社会学科、李 旼珍 教授に聞く、10の質問

2018/05/01

教員

Q.1 今までの経歴を教えてください。

韓国の梨花女子大学で社会学を専攻し、延世大学で修士号を取って、政府の研究機関に就職。東京大学社会学研究科で研究生として一年間の留学生活をした後、修士課程に入学して修士号を取り、1998年に博士号を取りました。その後、日本労働研究機構(現 JILPT)に勤め、1999年から新潟大学経済学部で教え、2001年に立教大学に来ました。

Q.2 どんな学生でしたか?

もともとは、英文学科に入ろうと思って大学に入学したのですが、社会問題にも興味があったので社会学入門をとりました。その授業というのが、まさに目から鱗という感じで、社会の構造や社会の矛盾といったことがいろいろ見えてきて、大学3年生から本格的に社会学を学ぶようになりました。また、学問以外ではパンソリという韓国の伝統音楽のサークルに所属して、発表会などもしていましたね。

Q.3 専門の研究領域について教えてください。

私の専門は労働社会学です。労働者が自分たちの権利を守るための労働組合ですとか、企業と労働者との労使関係などを扱っています。最近は、非正規労働者も増えるなど働き方が多様化している中で、地域をベースに労働組合がつくられるなど、労働組合自体のあり方も変わってきました。ですから、これまでの労働組合に関する研究というのは職場に基盤が置かれていたのですが、現在は地域コミュニティーをベースとした労働運動なども研究の対象としています。

Q.4 担当している授業の内容について教えてください。

授業としても長いこと「労働社会学」について教えていますが、やはり社会の変化に合わせて、労働の仕方、労働者の権利の守り方というものも変わってきますので、講義の内容も時代ごとに調整しています。ワーク・ライフ・バランスの問題なども最近の大きなテーマですので、日本はもちろん、アメリカやイギリス、そして韓国の事例などを交えて議論を紹介したりもします。

Q.5 担当しているゼミの内容について教えてください。

労働社会学の分野の中で、学生が興味のあることについて調べてもらっています。私のゼミでは個人研究が基本となるので、学生たちが取り扱うテーマもさまざまです。コワーキングプレイスをテーマにする人、職人の跡取り問題を調査する人、あるいは、マタニティハラスメントについて調べる人。それぞれが興味のあることに対して、インタビュー調査などを行い、その結果を発表し、ゼミ報告書としてまとめています。

Q.6 ゼミを通して学生に伝えたいことは何ですか?

やはり社会学科の学生であれば、もう少しニュースや新聞、あるいは先行研究等を見て、企業の動きなどに敏感になってほしいと思いますね。先ほどのライフ・ワーク・バランスの話にしても、今、いろいろと新しい制度を取り入れる企業も増えてきていますし、ブラックな労働条件から自分を守る手段としても、そういったことをきちんと知ってほしい。それが、実際に働き出して何か理不尽なことに遭遇したときに、企業の中できちんと声を上げて、労働環境を改善していくということにもつながりますからね。

Q.7 社会学の魅力は何ですか?

社会というものが政治や経済と絡み合って、どのように成り立っているのかがきちんとわかること。そしてさらに、単に表面的な制度の話だけでなく、その中で生きている人々の意識というものまで理解できるようになることが、社会学の魅力だと思います。

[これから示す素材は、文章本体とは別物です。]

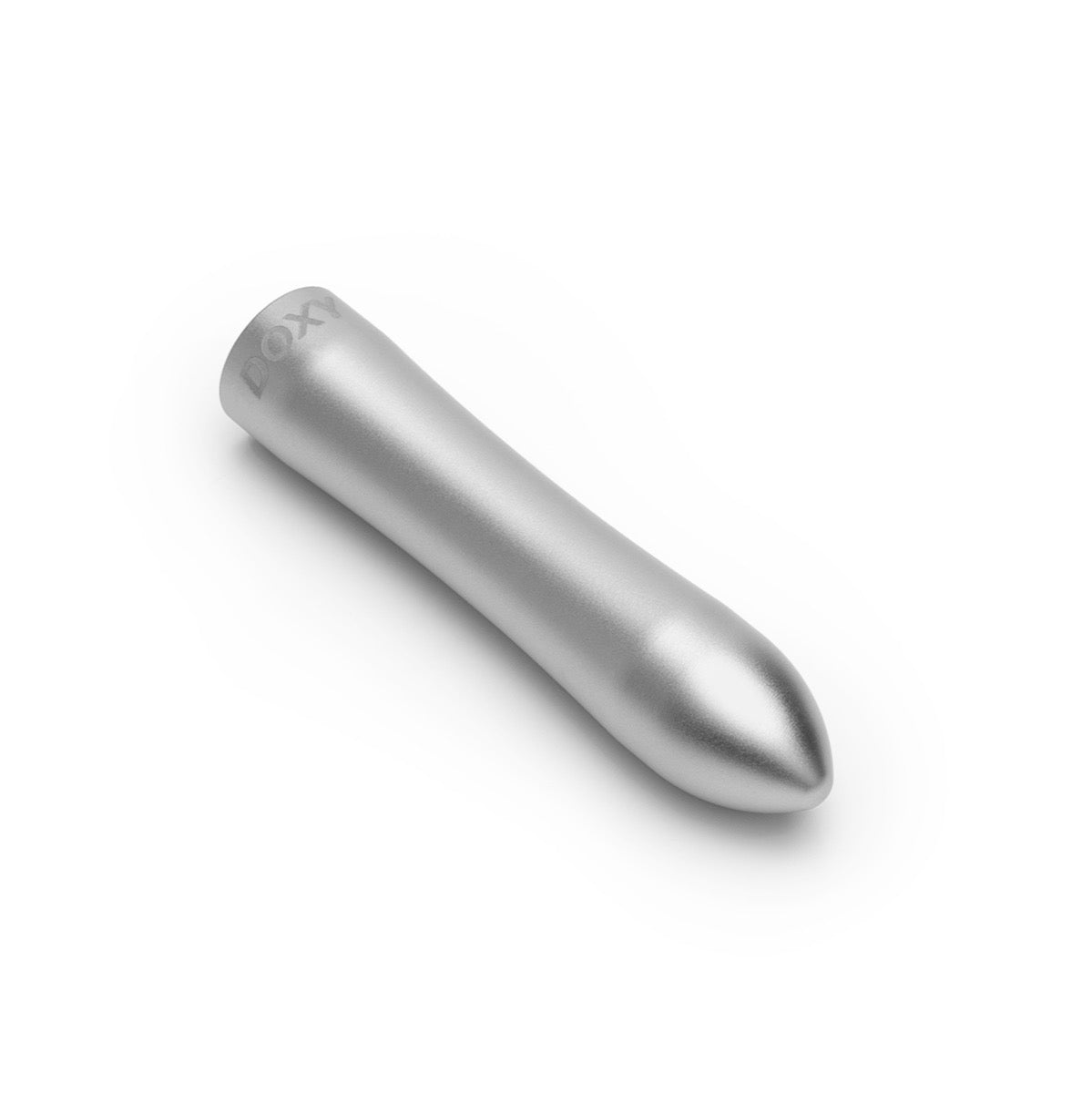 Doxy Silver Bullet – Small Powerful Handheld Vibrator Default Title > Vibrators > Mini Vibrators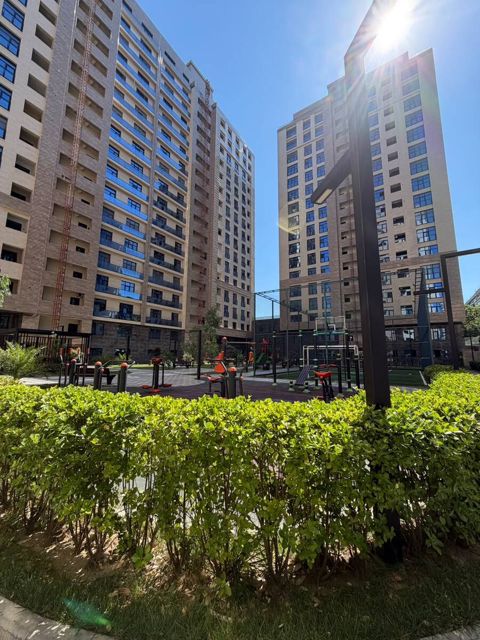 Satılır 2 otaqlı yeni tikili 51 m² — Bakı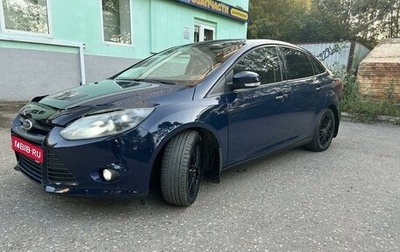 Ford Focus III, 2013 год, 830 000 рублей, 1 фотография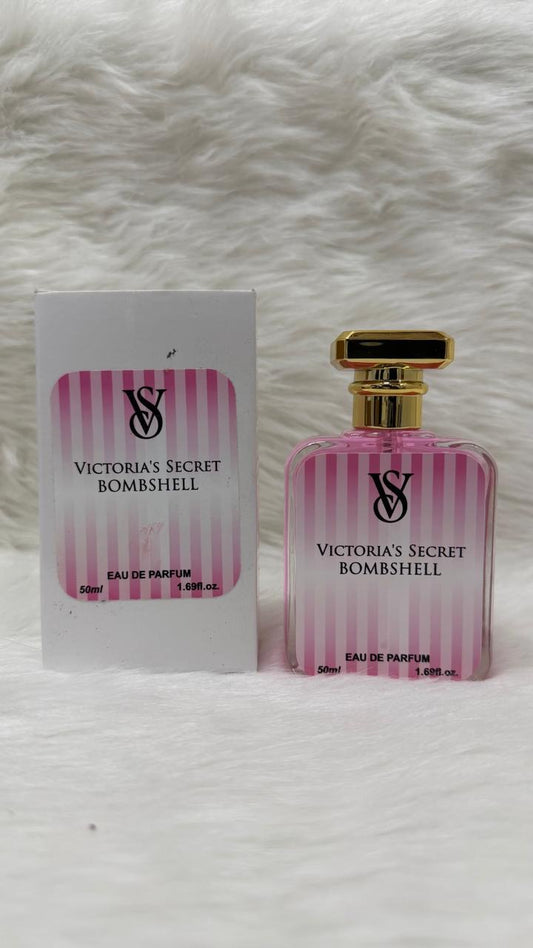50ml Branded Inspired Premium Perfumes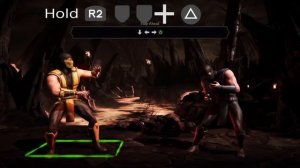 Mortal kombat X Toasty Fatality tutorial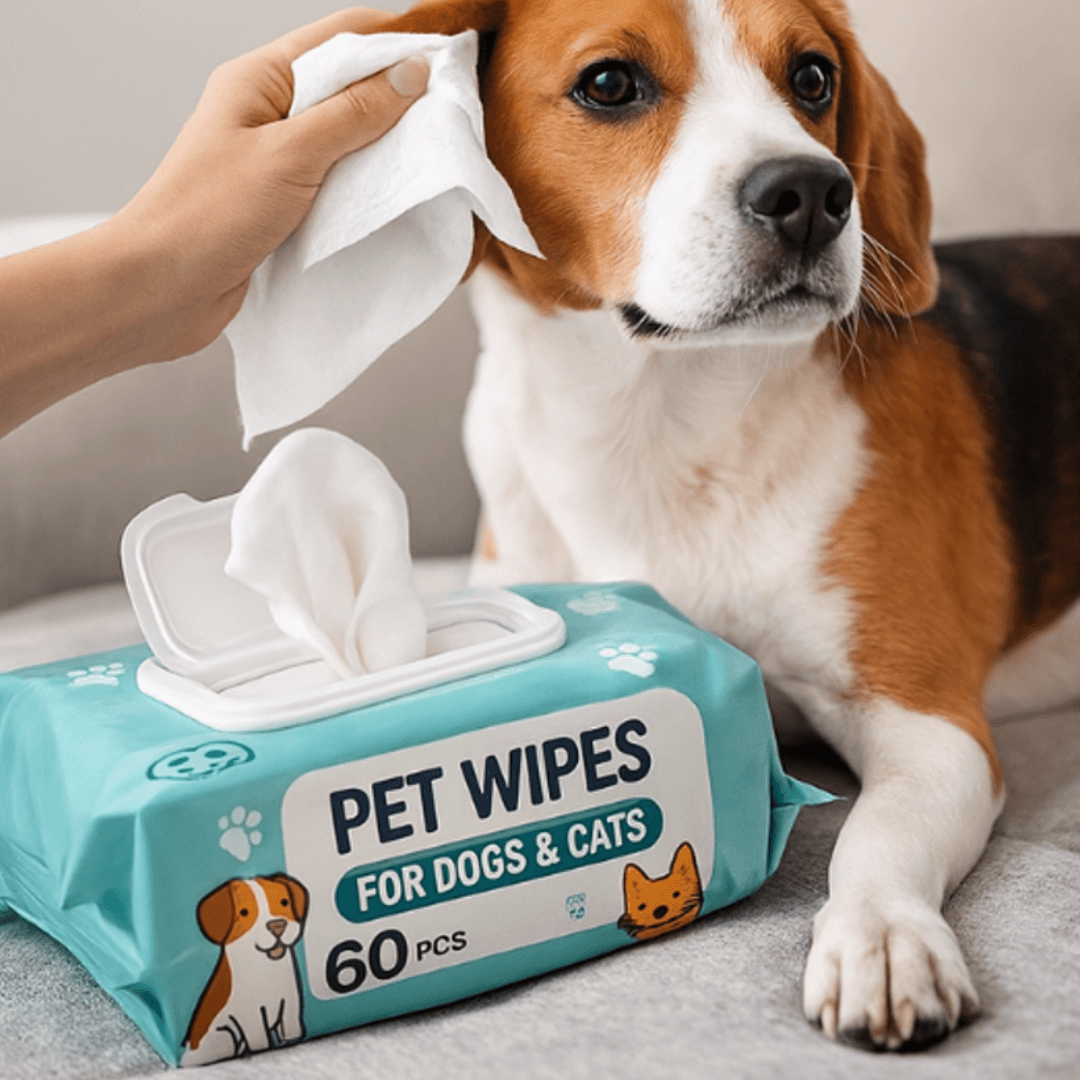 CzysteŁapki - Naturalna pielęgnacja Twojego pupila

Q.8 どのような学生が社会学部により合っていると思いますか?

誰でも社会学部に入って学ぶことができるし、社会に対する多様な見方ができると思っているので正解がないですね。ただ、好奇心が強く、社会で起きていることに幅広く興味を持てる人は、社会学部に向いていると言えるかもしれません。

Q.9 学生におすすめしたい本を教えてください。

現代というのは、人文学の教養がより求められている時代なのかなと思い、マイケル・サンデルの本をおすすめしたいと思います。具体的には、数年前に話題になった『これからの「正義」の話をしよう』ですね。今の時代、何か一つの問題が起きたときに、それを経済的な側面から見るか、あるいは道徳的な側面から見るかで、導かれる答えというのは変わると思うのですが、そういった多様な見方があるということを知ることができ、かつ難しくなく読みやすいのがサンデルの本かなと思います。

Q.10 最後に高校生へのメッセージをお願いします。

大学生でもディベートが得意でない人が多いのですが、高校生のみなさんにはぜひ、自分の意見をしっかりと発言するという習慣を身につけてほしいですね。人と積極的に意見をぶつけ合い、議論を交わす。そういった訓練を早くから始めると、より大学での学びが有意義なものになると思いますよ。